The Top 5 Best Practices for Successful Workforce Analytics
Complexity in today’s workforce, new technology investments, economic pressures, talent as a competitive edge, aligning the people strategy with the business strategy and many other reasons are driving a change in HR to be information-savvy. This has turned workforce analytics to the hottest topic in the HR technology arena, but this change has also created confusion as to how best to proceed to make programs to implement workforce analytics successful. In this article I will speak to the five best practices for workforce analytics that, in my experience, have made organizations successful. Those of us in the HR world know that people are always the critical element to any initiative being successful, so I won’t touch on change management, executive sponsorship and the cultural elements which are also required for organizational success.
#1. Begin with the end in mind.
It was fabulous advice when Stephan R. Covey detailed this in his book, The Seven Habits of Highly Effective People. It remains great advice today and is especially relevant for workforce analytics projects. The challenge faced by those implementing or upgrading analytics is that analytics provide for many possible applications: delivering dashboards to executives, measuring the most important HR metrics, creating predictive models of future trends, improving turnover, and many more. Without a clear understanding of what you would like to measure, who will use the information, and what decisions will be made with the new analytics, the risk becomes failure to completely satisfy any one stakeholder’s expectations complete. Set clear goals for what the project will achieve, what it will not, and ensure these goals are clearly communicated.
#2. Deliver value at every step of the journey.

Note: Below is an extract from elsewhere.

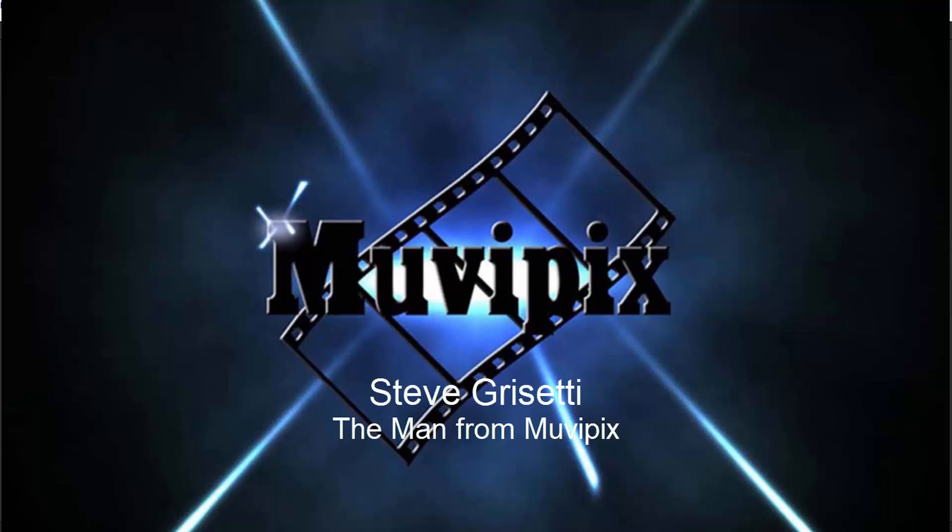But come on back. In part 7 we're going to take a look at creating titles and putting some finishing touches here on our movie before we finally output it. That's coming up in part 7. Hope you'll join me for that.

Ultimately, all analytics projects, workforce analytics included, will be journeys rather than destinations. Organizations cannot expect to take a single leap from no implementation and experience to advanced usage of predictive analytics and planning. Those that have tried to overreach often find themselves either with solutions they can’t use to full effect, or are burdened with changing project plans that lead to delay. Conversely those who have taken a stepwise approach can more clearly articulate and demonstrate tangible value the project has delivered. This creates many benefits including support for further projects, to more successful training and onboarding of users.
#3. Create transparency.
As the old adage goes, information wants to be free. Too often we question the sharing of information and seek means to lock it down, or seek to hoard it for ourselves. Certainly, organizations have sensitive data, especially employee data, and must be responsible for limiting access. The challenge is this is used to justify putting information only in executive’s hands, or HR holding too tight to the keys to the workforce data. The value of analytics is to make better, confident, fact-based decisions, but decisions are being made across the entire organization every day. The opportunity is to create a multiplier effect that sees better people decisions made throughout the organization by every people leader. The risk to limiting information sharing is the use of workforce analytics stagnates from limited usage and a lack of alignment or trust that comes from only sharing partial views of information. Challenge what can be shared, and work to create a culture that makes information based decisions.
#4. Simple is better.
One of my favorite quotes is from Mark Twain, "I didn’t have time to write a short letter, so I wrote a long one instead". It very elegantly captures the notion that simple is harder, and in analytics this is especially true. There is always more information, or different ways to show information. The danger with not simplifying is that information overload can be just as dangerous as information under-load as users struggle to understand what is meaningful. Always challenge what information is valuable, versus what information is interesting. What decisions will you make, or what actions will be taken with the information? If you can’t clearly state how the information will be used, then challenge the need to include it in your workforce analytics.
#5. Don’t ignore the technology.
As a technologist, I know this is easy for me to say, and I also know that many of my colleagues in HR struggle with this one. The key here is not that you have to be an expert, but that you don’t remove yourself from the technology discussion and decisions. There is nothing wrong with relying on experts to provide you with advice, but ultimately you have to ensure the technology will support the goals you are trying to achieve. Ask the curious questions and understand trade-offs that the different solutions may incur.
Take these best-practices for workforce analytics to heart and you too can become a leader in this new era of information-savvy human resources.